FAQ - American Wagyu Beef

What is American Wagyu Beef?

-American Wagyu Beef is produced by crossbreeding Japanese Wagyu cattle and American breeds such as Angus. The result is a perfect blend of Wagyus buttery marbling and tenderness and the traditional beefy flavor that American beef is known for. It's the best of both worlds! 

What is Wagyu Beef?

-The term Wagyu is derived from the Japanese words wa, meaning "Japanese", and gyu, meaning "cow". Wagyu cattle are known for their distinctive marbling, which is a result of their genetics and breeding history. Wagyu beef is known for its rich flavor, tenderness, and unique marbling, which is streaks of fat within the meat. The marbling melts into the meat when cooked, keeping it moist and juicy.

What is the difference between American Wagyu and Japanese Wagyu?

-The main difference between the two comes down to the taste. Japanese Wagyu beef has high levels of marbling, making it extremely rich and best enjoyed in small portions.
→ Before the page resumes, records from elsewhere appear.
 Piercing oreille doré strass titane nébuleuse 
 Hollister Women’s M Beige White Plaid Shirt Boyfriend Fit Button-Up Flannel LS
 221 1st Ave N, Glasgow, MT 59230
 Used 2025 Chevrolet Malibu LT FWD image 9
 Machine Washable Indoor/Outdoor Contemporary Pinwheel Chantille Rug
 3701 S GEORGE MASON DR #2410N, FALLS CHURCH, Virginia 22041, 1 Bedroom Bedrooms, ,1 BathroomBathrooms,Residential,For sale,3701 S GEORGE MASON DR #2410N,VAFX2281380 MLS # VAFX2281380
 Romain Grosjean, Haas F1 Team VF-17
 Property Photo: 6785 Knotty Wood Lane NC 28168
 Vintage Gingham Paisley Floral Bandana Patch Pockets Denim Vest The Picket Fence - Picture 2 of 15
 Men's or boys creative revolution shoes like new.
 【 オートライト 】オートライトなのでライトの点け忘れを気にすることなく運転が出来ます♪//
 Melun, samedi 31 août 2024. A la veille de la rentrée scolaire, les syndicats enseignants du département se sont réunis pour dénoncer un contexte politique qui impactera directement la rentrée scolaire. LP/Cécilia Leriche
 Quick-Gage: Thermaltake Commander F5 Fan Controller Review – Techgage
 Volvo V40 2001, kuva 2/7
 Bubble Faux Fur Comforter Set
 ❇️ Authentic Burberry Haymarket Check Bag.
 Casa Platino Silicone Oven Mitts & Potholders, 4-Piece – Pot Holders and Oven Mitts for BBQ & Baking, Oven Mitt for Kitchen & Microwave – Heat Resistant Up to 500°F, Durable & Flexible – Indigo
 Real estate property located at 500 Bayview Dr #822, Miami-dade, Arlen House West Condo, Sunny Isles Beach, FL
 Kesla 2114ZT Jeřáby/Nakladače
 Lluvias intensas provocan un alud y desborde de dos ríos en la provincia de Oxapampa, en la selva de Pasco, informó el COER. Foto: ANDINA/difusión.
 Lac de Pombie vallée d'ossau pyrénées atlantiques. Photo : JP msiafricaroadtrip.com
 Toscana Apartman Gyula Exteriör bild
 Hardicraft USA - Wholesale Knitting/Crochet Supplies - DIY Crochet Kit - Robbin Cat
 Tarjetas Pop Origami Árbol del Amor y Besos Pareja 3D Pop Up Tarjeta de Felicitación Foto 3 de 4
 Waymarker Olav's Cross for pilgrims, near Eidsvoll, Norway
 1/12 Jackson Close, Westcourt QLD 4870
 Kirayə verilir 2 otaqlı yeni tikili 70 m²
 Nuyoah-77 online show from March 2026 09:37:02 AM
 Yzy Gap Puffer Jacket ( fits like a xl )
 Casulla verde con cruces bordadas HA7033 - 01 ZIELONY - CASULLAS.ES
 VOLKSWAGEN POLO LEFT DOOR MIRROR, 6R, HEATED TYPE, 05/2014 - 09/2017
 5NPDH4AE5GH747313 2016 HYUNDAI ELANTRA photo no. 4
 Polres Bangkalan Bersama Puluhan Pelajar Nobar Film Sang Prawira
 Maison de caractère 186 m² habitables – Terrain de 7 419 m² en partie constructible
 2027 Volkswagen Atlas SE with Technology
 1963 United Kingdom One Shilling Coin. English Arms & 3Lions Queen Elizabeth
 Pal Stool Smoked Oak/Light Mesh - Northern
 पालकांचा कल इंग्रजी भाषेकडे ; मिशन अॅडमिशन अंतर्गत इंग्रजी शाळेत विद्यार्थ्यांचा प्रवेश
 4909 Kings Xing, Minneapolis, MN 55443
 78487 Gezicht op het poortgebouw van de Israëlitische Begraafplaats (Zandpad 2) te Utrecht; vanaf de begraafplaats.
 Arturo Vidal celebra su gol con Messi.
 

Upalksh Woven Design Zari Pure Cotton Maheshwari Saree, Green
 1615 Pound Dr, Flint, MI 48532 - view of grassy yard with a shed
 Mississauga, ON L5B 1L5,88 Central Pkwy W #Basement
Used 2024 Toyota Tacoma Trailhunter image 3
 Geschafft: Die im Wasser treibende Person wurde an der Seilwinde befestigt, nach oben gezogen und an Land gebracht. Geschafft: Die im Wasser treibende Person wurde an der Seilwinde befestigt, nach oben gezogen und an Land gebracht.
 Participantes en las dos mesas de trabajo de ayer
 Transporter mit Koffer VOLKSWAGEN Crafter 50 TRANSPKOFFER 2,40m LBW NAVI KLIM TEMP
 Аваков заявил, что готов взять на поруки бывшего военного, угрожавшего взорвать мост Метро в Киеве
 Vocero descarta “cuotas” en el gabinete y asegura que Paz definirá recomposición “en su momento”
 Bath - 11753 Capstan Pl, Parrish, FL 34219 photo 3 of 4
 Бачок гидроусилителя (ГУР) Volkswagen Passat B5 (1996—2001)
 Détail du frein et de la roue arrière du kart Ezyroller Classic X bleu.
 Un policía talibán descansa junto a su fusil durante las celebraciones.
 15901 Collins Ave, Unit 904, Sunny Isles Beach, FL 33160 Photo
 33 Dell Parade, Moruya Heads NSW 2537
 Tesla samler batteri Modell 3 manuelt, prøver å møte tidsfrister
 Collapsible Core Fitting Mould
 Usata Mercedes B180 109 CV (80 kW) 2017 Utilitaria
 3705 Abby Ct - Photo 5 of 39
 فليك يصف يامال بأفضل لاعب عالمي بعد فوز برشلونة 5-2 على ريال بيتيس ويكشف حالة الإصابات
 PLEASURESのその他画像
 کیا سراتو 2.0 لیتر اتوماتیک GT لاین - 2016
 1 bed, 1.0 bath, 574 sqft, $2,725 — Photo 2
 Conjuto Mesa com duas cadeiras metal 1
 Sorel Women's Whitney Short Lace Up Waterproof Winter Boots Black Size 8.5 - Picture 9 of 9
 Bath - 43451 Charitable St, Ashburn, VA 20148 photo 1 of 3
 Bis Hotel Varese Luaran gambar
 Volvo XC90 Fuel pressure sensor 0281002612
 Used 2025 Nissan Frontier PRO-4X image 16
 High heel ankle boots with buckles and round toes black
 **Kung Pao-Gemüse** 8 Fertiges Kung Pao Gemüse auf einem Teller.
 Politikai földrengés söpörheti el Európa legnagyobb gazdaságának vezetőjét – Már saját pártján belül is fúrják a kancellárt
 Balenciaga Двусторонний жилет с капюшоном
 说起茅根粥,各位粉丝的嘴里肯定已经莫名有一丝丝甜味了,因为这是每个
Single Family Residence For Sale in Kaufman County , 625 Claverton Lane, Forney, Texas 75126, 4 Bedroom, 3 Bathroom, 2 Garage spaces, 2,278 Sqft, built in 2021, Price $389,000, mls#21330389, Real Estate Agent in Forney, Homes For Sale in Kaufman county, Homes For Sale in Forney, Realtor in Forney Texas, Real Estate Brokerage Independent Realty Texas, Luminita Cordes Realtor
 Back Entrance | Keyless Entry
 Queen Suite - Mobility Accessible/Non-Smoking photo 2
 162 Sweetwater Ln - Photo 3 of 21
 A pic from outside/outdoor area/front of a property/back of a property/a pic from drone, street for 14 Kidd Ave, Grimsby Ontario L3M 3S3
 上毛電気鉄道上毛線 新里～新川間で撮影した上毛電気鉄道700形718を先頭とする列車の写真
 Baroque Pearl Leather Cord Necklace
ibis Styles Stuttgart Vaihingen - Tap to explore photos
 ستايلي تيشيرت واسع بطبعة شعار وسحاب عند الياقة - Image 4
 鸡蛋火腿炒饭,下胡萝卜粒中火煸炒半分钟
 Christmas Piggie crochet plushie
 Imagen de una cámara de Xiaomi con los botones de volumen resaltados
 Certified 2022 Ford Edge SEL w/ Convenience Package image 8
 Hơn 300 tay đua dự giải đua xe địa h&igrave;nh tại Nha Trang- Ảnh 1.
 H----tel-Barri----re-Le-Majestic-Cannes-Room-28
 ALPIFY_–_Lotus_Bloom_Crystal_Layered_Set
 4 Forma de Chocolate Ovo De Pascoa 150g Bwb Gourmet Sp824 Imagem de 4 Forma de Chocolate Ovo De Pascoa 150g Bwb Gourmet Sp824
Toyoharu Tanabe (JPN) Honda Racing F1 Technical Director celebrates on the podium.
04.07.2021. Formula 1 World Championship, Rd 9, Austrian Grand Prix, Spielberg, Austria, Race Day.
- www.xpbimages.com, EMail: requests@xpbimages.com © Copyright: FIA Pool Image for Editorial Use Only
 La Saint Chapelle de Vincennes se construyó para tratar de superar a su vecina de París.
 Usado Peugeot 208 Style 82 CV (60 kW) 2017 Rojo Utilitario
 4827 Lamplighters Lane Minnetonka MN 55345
It is often sliced thin an served in yakiniku(a Japanese grilling style that involves cooking bite-sized pieces of meat and vegetables on a griddle or iron plate over a flame). American Wagyu beef is a perfect blend of famous Wagyu buttery marbling and the robust beefy flavor that American beef is known for. 

Is American Wagyu Beef healthy for you? 

-Health experts have discovered the mono-unsaturated to saturated fat ratio is higher in Wagyu than in other beef. And the saturated fat contained in Wagyu is different, forty percent is in a version called stearic acid, which is regarded as having a minimal impact in raising cholesterol levels. The profile of marbled Wagyu beef is more beneficial and healthier to human health. Wagyu is also higher in a type of fatty acid called conjugated linoleic acid (CLA). Wagyu beef contain the highest amount of CLA per gram of any foodstuff – about 30% more than other beef breeds – due to higher linoleic acid levels. Foods that are naturally high in CLA have fewer negative health effects.